Posthurricane airflow and sediment transport over a recovering dune

During Hurricane Ivan (2004), dunes in undeveloped sections of northwest Florida were significantly reduced in height through direct wave erosion and the transfer of sediment to the backbarrier by overwash. The poststorm morphology of the island consists of a narrow beach face, multiple breach corridors, a washover terrace, and a remnant secondary dune that was further eroded in 2005 by Tropical Storm Arlene and Hurricanes Dennis and Katrina. The redevelopment of this dune will direct the response of the island to future storms, but the mechanisms of posthurricane dune recovery are unclear, particularly in this low-energy coastal environment. The recovery is further complicated by a swale that was created through a knickpoint effect on an adjacent road.
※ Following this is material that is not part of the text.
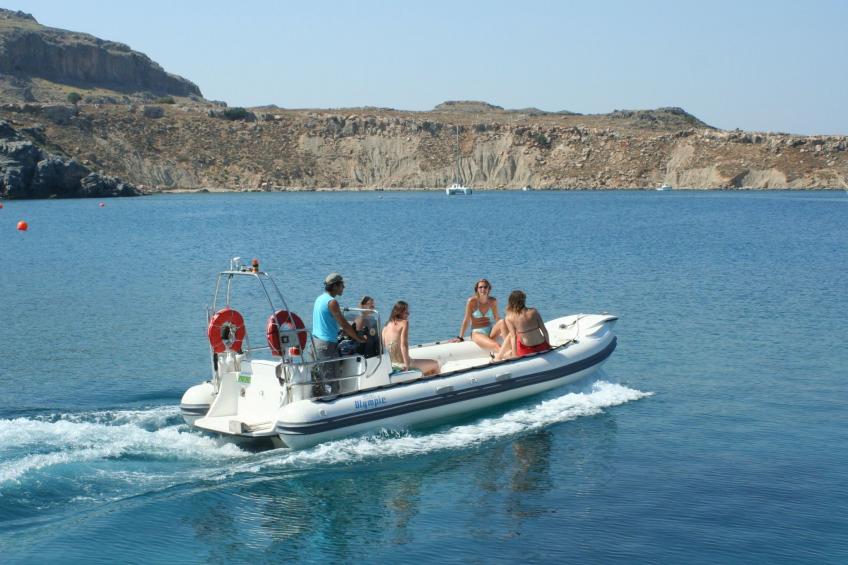 Haus in Kolympia mit Parkplatz und Bergblick - foto 24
The swale was reinforced when the road surface was removed and as a berm developed during the recovery of the beach face. Field observations suggest that sediment transport across the narrow beach face and berm is limited by a lag of shells and gravel from the pre-Ivan roadbed. As a consequence, sediment input to the dune is relatively minor with onshore winds, despite the presence of fans deposited during frontal storms in the swale behind the berm. The resulting sediment transport gradient across the seaward slope of the dune is more reflective of the expanding fetch than topographic acceleration and the drag imposed by the sparse vegetation. In contrast, there is a larger sediment input to the dune during offshore winds in response to the larger fetch across the washover terrace, despite the presence of a lag. It is concluded that posthurricane dune recovery in this area is strongly dependent on the deposition of sediment during frontal storms and the resulting development of a sand ramp through the swale. This will increase both the availability of sediment and the fetch for winds directly or obliquely onshore.